┏━━

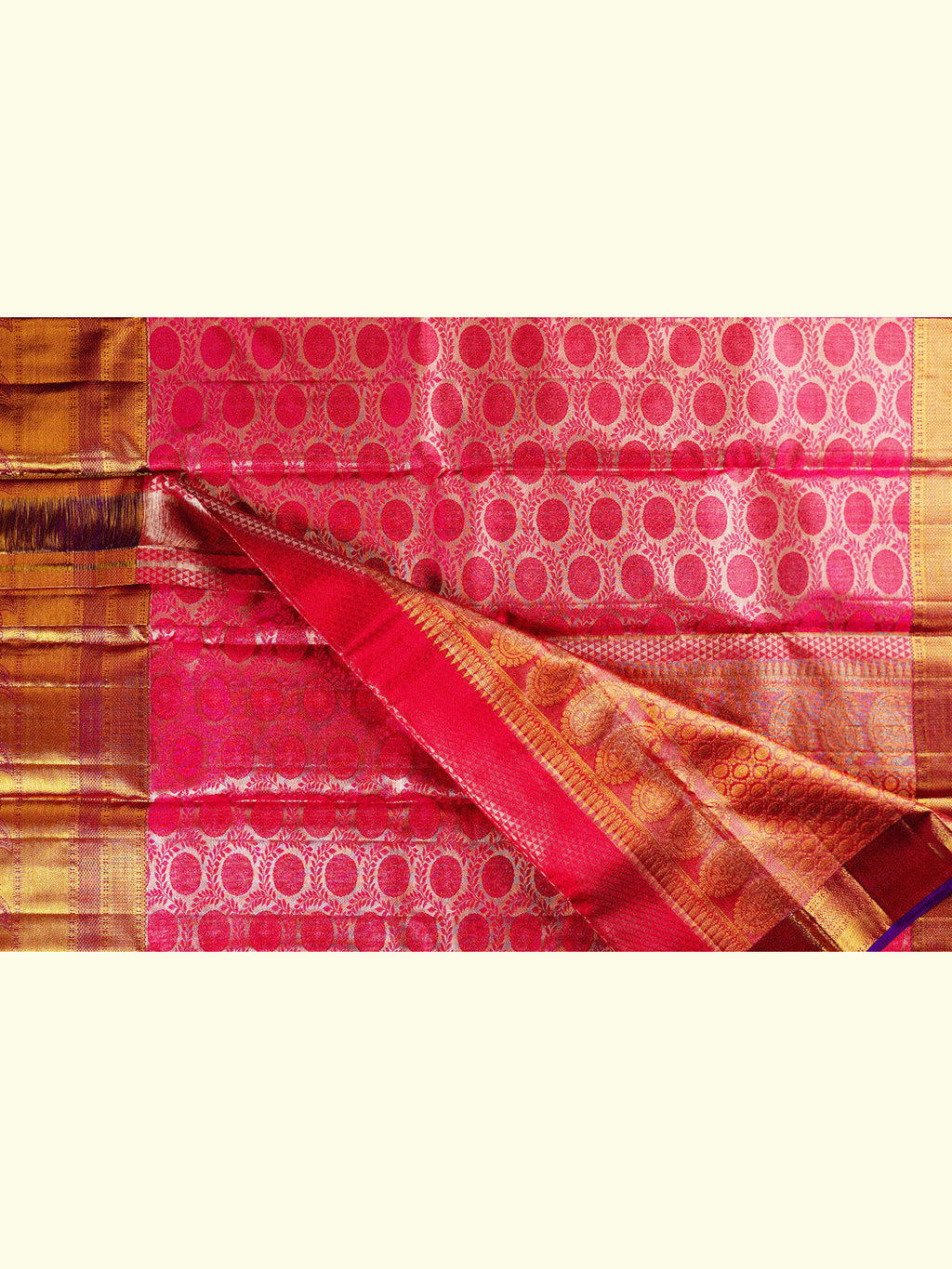 Kanchipuram Silk Brocade Pink Saree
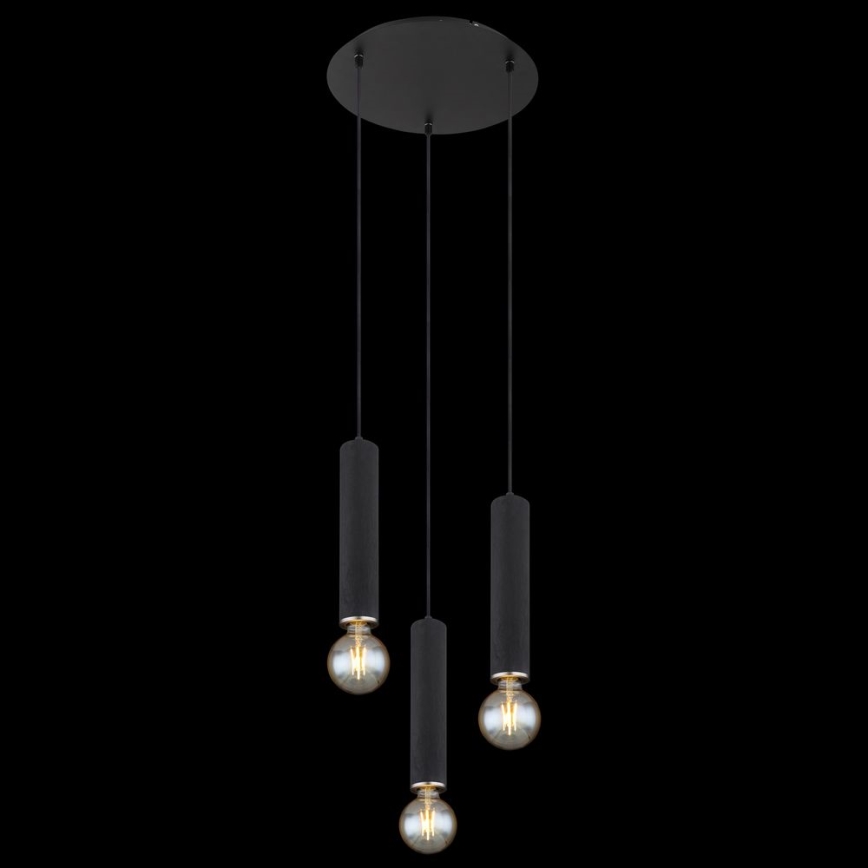 Globo - Candelabro suspenso 3xE27/60W/230V madeira preta
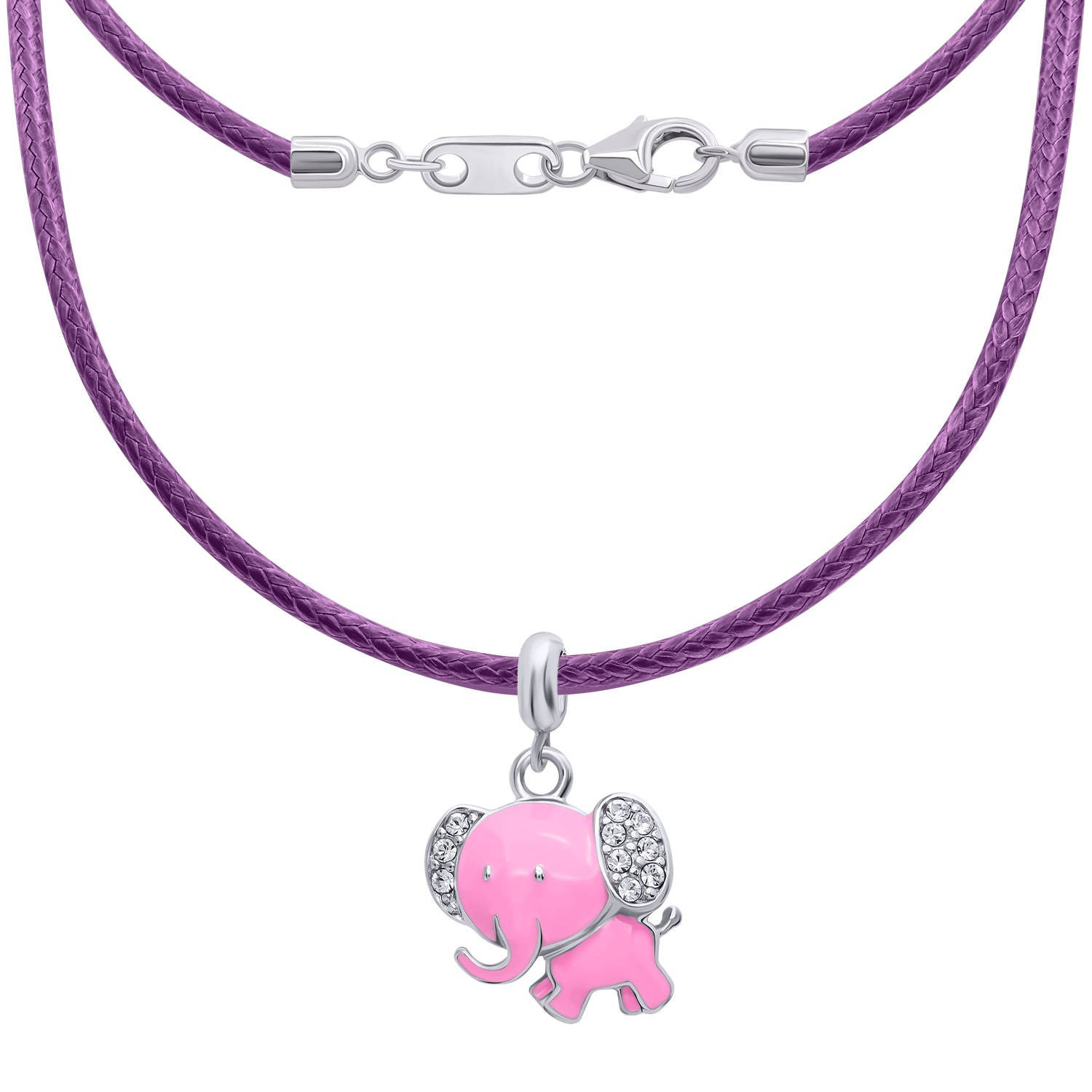 Necklace Elephant with pink enamel and Cubic Zirconia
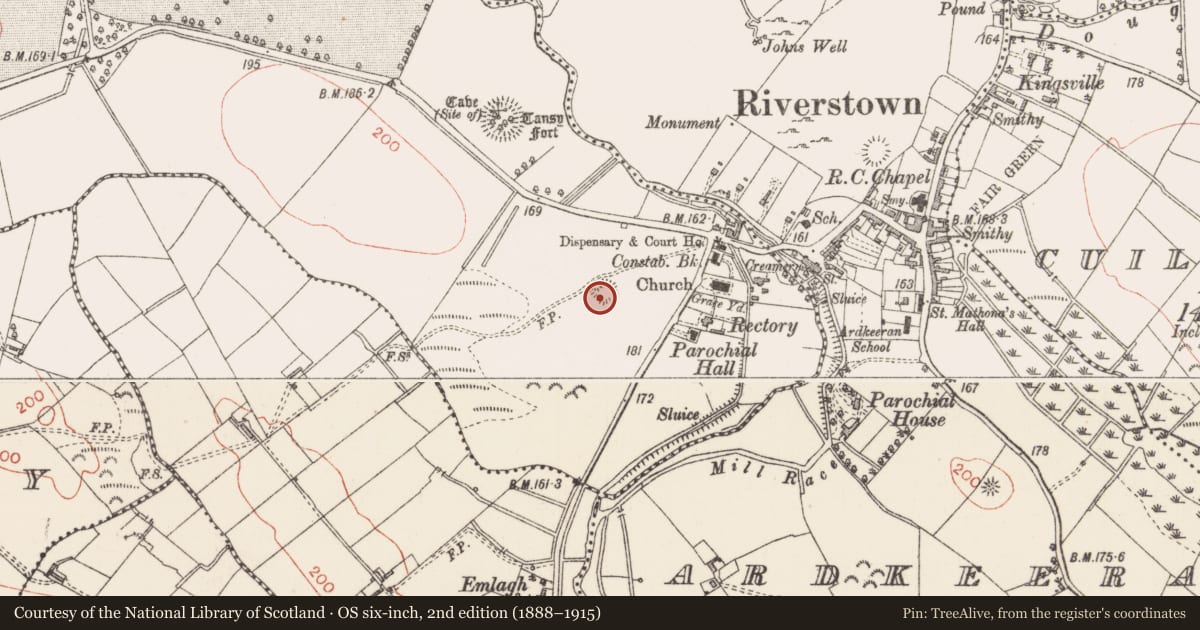 Ordnance Survey six-inch map, 2nd edition (1888–1915) covering the location of Enclosure, Cooperhill, County Sligo, with a pin at the register's coordinates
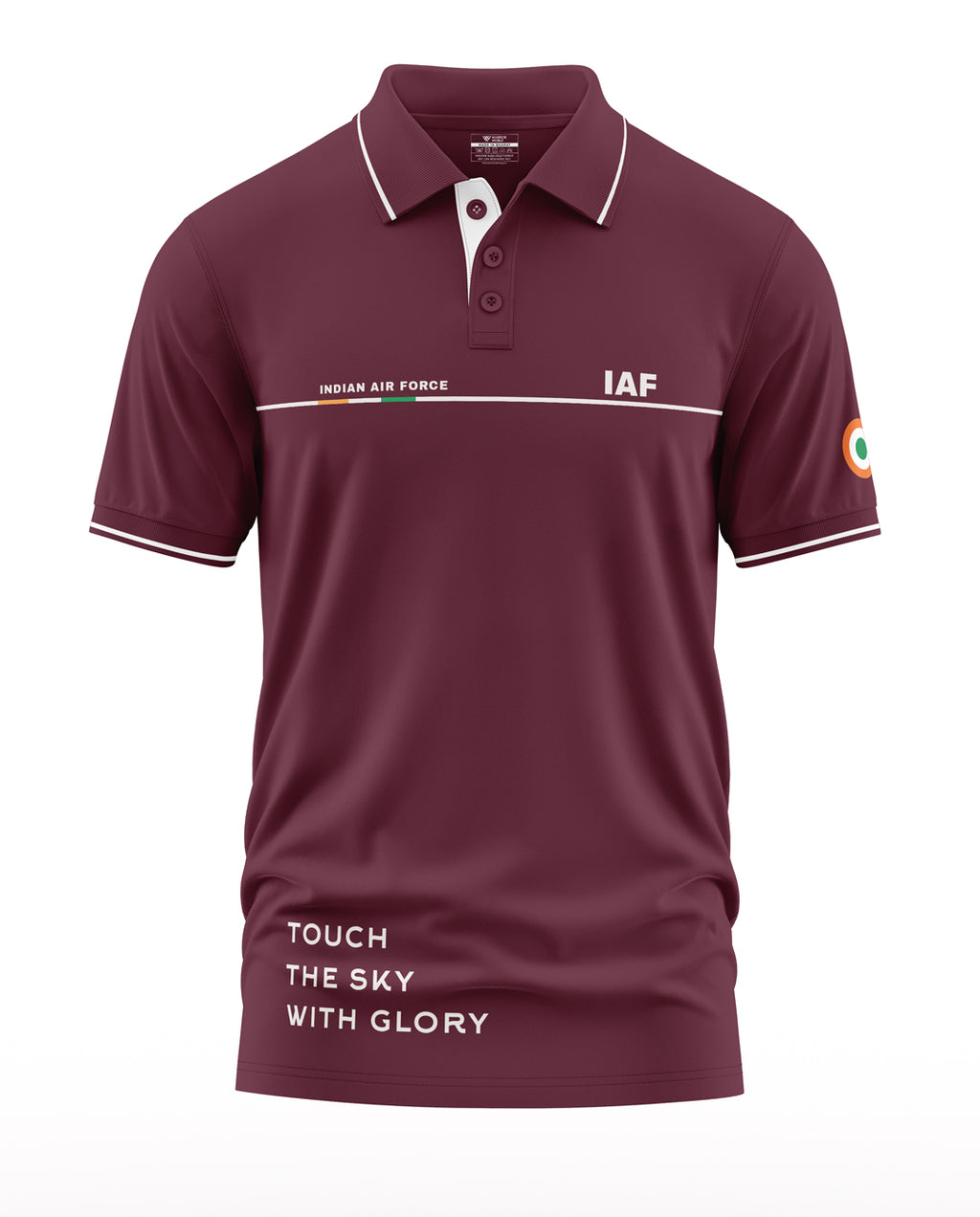 Maroon men's polo t-shirt with Indian Air Force theme, IAF logo, and tricolor sleeve detail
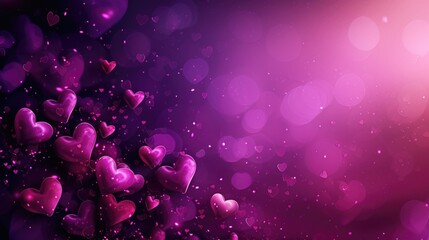 Floating Hearts on Purple Background - obrazy, fototapety, plakaty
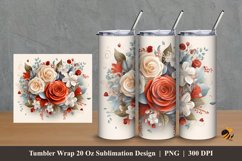 Beauty Floral Bouquet Tumbler Wrap Sublimation Design 2 Product Image 1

┗━━

#### Work required
Omit the pictures, then give all the lines above again exactly.

#### Completed exercise
 Kanchipuram Silk Brocade Pink Saree
 Globo - Candelabro suspenso 3xE27/60W/230V madeira preta
 Necklace Elephant with pink enamel and Cubic Zirconia
 Ordnance Survey six-inch map, 2nd edition (1888–1915) covering the location of Enclosure, Cooperhill, County Sligo, with a pin at the register's coordinates
 Maroon men's polo t-shirt with Indian Air Force theme, IAF logo, and tricolor sleeve detail
 Floating Hearts on Purple Background - obrazy, fototapety, plakaty
 Beauty Floral Bouquet Tumbler Wrap Sublimation Design 2 Product Image 1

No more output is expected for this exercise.